### Data provided

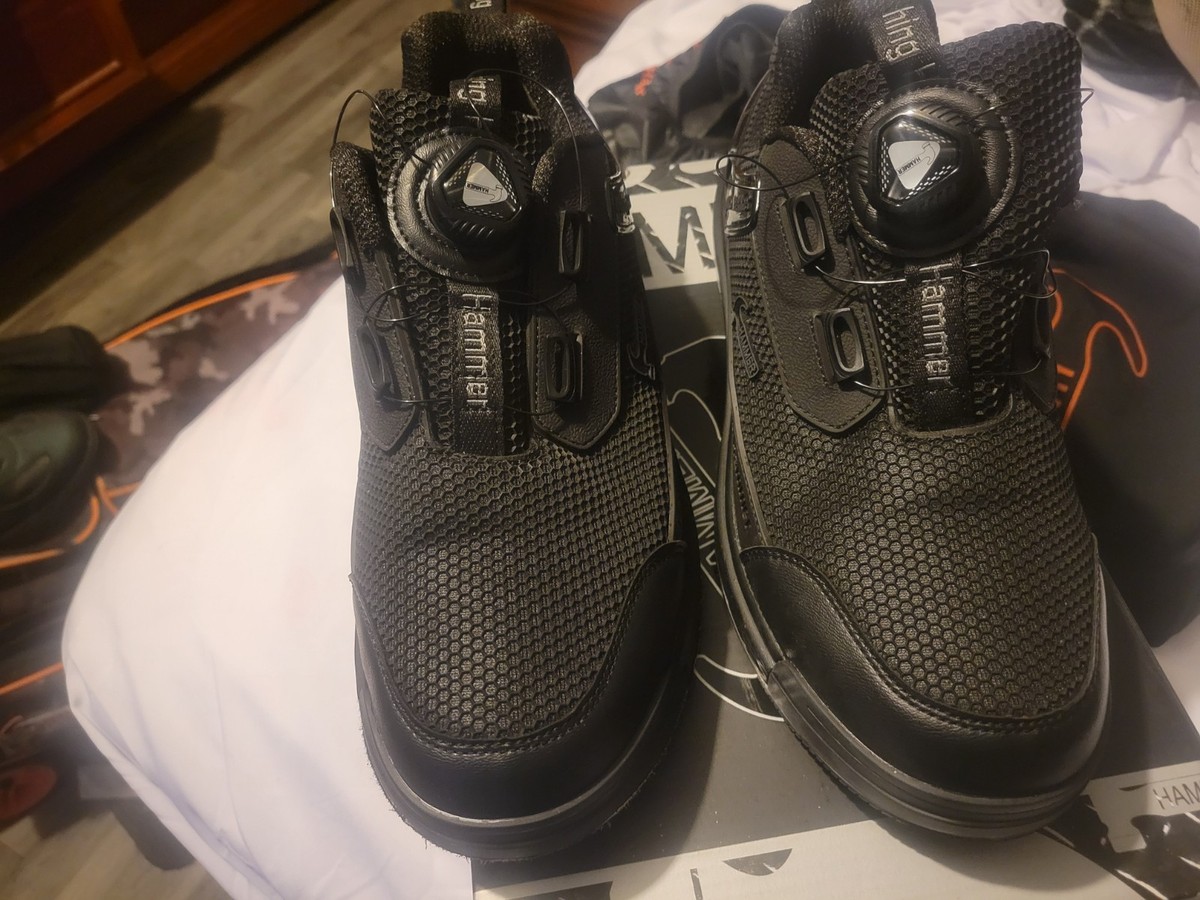 Ppsnabha Diesel Shoes Online Sale Hammer Diesel Bowling Shoes New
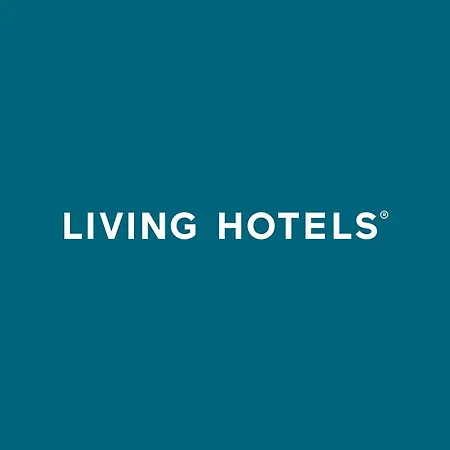 Living Hotel Düsseldorf-2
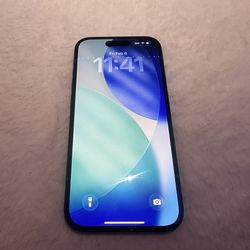 iPhone 15 Mint Condition Fully Unlocked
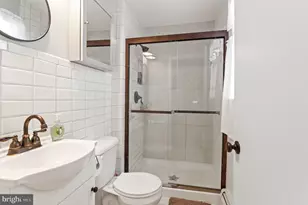 47 Estes Ln, North East, MD 21901 - Photo 21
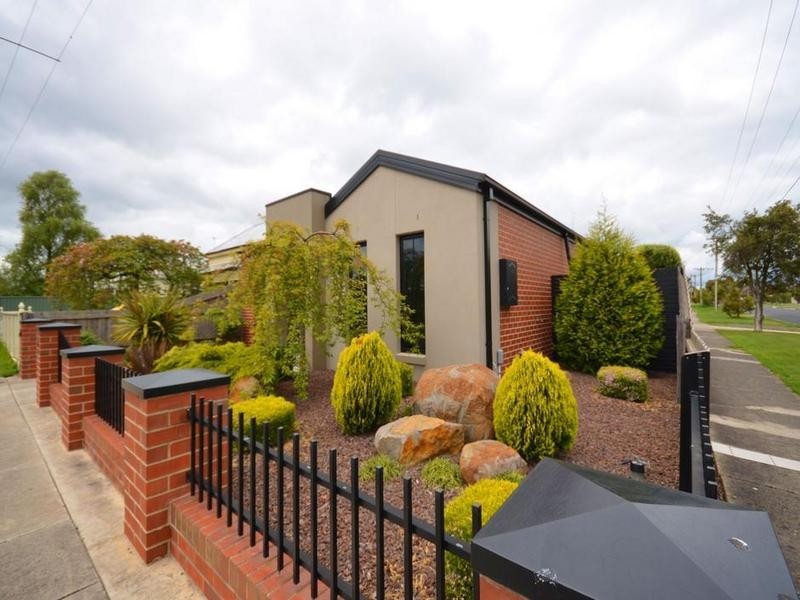105 Vickers Street, Sebastopol VIC 3356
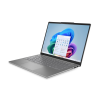 Ноутбук 14” Lenovo IdeaPad Slim 5 14ARP10/ WUXGA/ AMD Ryzen 7 7735HS/ OLED/ WUXGA/ 16GB / 1TB SSD / Luna Grey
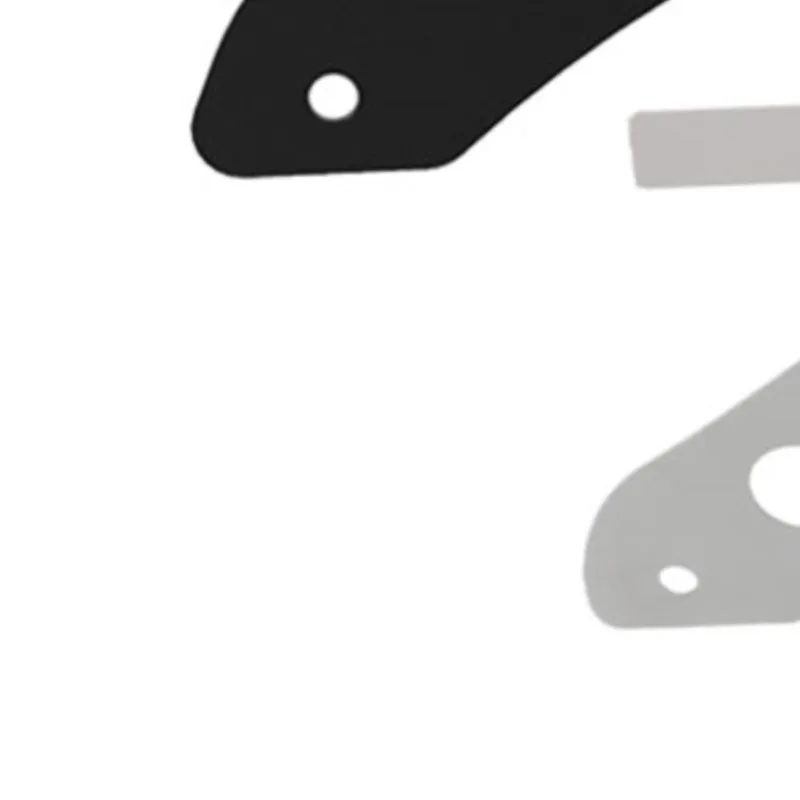 

Aluminum Chain Guards FOR Honda XL700V Transalp 2007-2008-2009-2010-2011-2012 Motorcycle Accessories Chain Guard Cover Protector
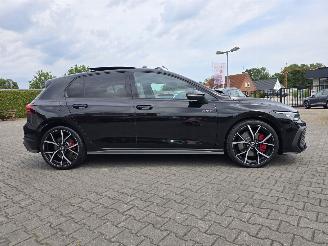 Volkswagen Golf GTI 195 kW Panorama picture 12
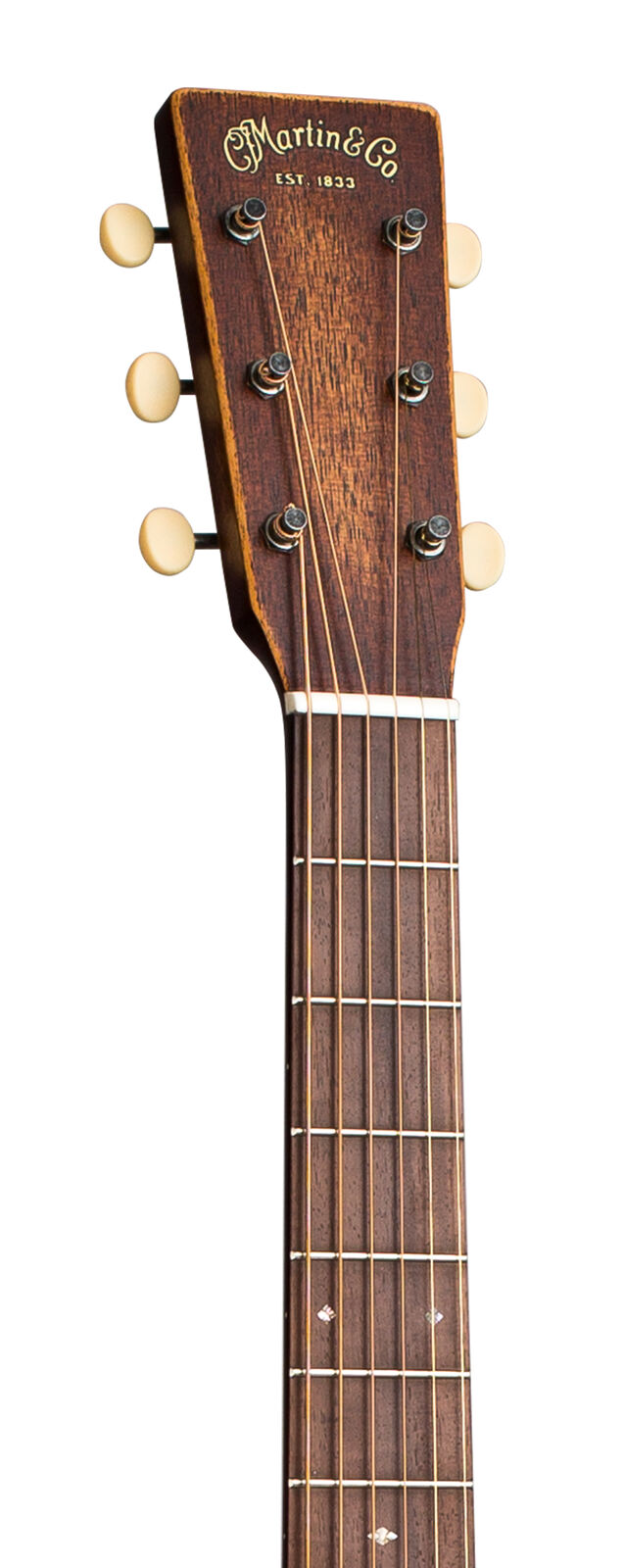 Martin Guitars 000-15M StreetMaster Westerngitarre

######

Leave out every picture, and copy exactly the lines above starting at the one holding "SSD / Luna Grey" and ending at the one holding "Volkswagen Golf GTI", no more and no less.

 Ноутбук 14” Lenovo IdeaPad Slim 5 14ARP10/ WUXGA/ AMD Ryzen 7 7735HS/ OLED/ WUXGA/ 16GB / 1TB SSD / Luna Grey

Aluminum Chain Guards FOR Honda XL700V Transalp 2007-2008-2009-2010-2011-2012 Motorcycle Accessories Chain Guard Cover Protector
 Volkswagen Golf GTI 195 kW Panorama picture 12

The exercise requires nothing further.